No ventilation on a BMX.
Yes people will judge you like they'd judge someone for wearing a sweater on a hot day.

Like" Damn, that's gotta be hot."

What ever you do, get something :thumbsup:


----------



## OSOK (Jul 11, 2009)

I see plenty of people down here in Miami wear em in the trails... nothing different really...


----------



## berry79 (Jun 10, 2010)

I use a bell faction. Not to hot, but then again I shave my head.


----------



## coreyvf (Jun 26, 2010)

highdelll said:


> No ventilation on a BMX.
> Yes people will judge you like they'd judge someone for wearing a sweater on a hot day.
> 
> Like" Damn, that's gotta be hot."
> ...


I see, well I guess I'll just have to try them on... they seem to have vents... I keep my hair short anyway, but I see what you mean...



OSOK said:


> I see plenty of people down here in Miami wear em in the trails... nothing different really...


I just find it hard to believe that's all... every single person I've seen around my trails does not wear a BMX style helmet... so I just didn't want to be "that guy"...


----------



## berry79 (Jun 10, 2010)

If it makes any difference I'm from Miami as well. It's pretty hot here.


----------



## g-bus (Aug 13, 2007)

I've seen several riders around here wear them as well. Looks like it would protect the back of your head a little bit better than a normal cycling helmet. Could come in handy when mountain lions pounce you from the rear.


----------



## basso4735 (Oct 7, 2007)

Get one so you can become, "that guy". Then everyone will know who you are!


----------



## Trail Ninja (Sep 25, 2008)

coreyvf said:


> So I think it's time I seriously invest in a helmet...


Yes!



> I have a question though, I really like the look of BMX helmets, but I hate the look of Cycling/mountain bike style helmets. It just looks like I'm going to do the Tour de France or something...
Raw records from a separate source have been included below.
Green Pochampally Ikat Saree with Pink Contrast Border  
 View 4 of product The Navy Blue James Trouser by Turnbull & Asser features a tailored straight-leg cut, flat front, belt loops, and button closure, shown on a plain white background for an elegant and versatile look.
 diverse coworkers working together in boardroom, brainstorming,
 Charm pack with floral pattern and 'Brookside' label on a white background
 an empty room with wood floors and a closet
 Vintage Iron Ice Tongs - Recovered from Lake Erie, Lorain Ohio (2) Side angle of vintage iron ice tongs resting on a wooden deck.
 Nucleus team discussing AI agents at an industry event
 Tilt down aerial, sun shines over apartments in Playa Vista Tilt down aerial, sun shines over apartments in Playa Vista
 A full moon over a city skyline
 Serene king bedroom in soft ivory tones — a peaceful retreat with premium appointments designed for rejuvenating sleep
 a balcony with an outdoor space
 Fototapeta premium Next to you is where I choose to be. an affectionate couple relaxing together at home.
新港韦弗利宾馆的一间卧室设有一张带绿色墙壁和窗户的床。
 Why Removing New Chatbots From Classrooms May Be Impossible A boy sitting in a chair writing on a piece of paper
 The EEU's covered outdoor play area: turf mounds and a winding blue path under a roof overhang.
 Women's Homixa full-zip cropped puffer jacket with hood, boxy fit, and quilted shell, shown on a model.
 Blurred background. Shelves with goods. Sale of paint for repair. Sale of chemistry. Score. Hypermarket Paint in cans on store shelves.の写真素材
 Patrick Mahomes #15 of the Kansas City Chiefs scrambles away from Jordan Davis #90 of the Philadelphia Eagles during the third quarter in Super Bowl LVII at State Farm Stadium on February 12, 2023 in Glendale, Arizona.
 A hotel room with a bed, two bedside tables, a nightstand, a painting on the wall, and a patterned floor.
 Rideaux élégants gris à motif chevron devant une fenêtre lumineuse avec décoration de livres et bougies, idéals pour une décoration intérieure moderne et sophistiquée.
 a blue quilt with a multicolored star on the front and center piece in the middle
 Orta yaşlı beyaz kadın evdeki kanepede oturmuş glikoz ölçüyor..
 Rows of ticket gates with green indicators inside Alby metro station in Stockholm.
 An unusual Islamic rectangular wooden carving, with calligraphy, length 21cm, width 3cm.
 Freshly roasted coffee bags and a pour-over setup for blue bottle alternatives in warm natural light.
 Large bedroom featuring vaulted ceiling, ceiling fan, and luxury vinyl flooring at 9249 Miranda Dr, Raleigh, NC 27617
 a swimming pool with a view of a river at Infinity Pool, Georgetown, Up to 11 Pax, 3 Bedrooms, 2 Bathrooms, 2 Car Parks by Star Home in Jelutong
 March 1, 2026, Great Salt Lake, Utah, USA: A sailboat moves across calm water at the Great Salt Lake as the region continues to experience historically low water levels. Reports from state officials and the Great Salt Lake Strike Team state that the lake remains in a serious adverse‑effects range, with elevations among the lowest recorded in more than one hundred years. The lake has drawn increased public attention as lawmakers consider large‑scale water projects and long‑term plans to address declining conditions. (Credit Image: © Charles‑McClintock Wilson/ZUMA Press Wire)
For me, it's always comfort or function over looks. Where I ride, there are no mirrors.



> Will other mountain bikers on my trail judge me or think I'm weird for wearing a stunt bike helmet on a mountain bike trail on a mountain bike?


The opinion of someone who would judge you for something like that isn't worth the paper you use to scrape it off your shoe.

Around here there are 3 kinds of helmets in regular use. Full face is usually restricted to downhill, but BMX & XC are 50/50 on the jumps and on the trails.

By the way, I'm "that guy" because I ride a 29er. My friend is "that guy" because he rides a rigid SS. My other friend is "that guy" because she's gorgeous AND kicks ass in the mens races.


----------



## Rugbyroy (Oct 14, 2004)

here's some idiot that ran into a tree *cough*


----------



## ducktape (May 21, 2007)

I just got myself a Protec Classic, mainly because I've got a BMX bike alongside my MTB, and I wish I'd done it a lot earlier actually because it's a lot more comfortable than the XC helmet. The most important thing is to find one that fits well though.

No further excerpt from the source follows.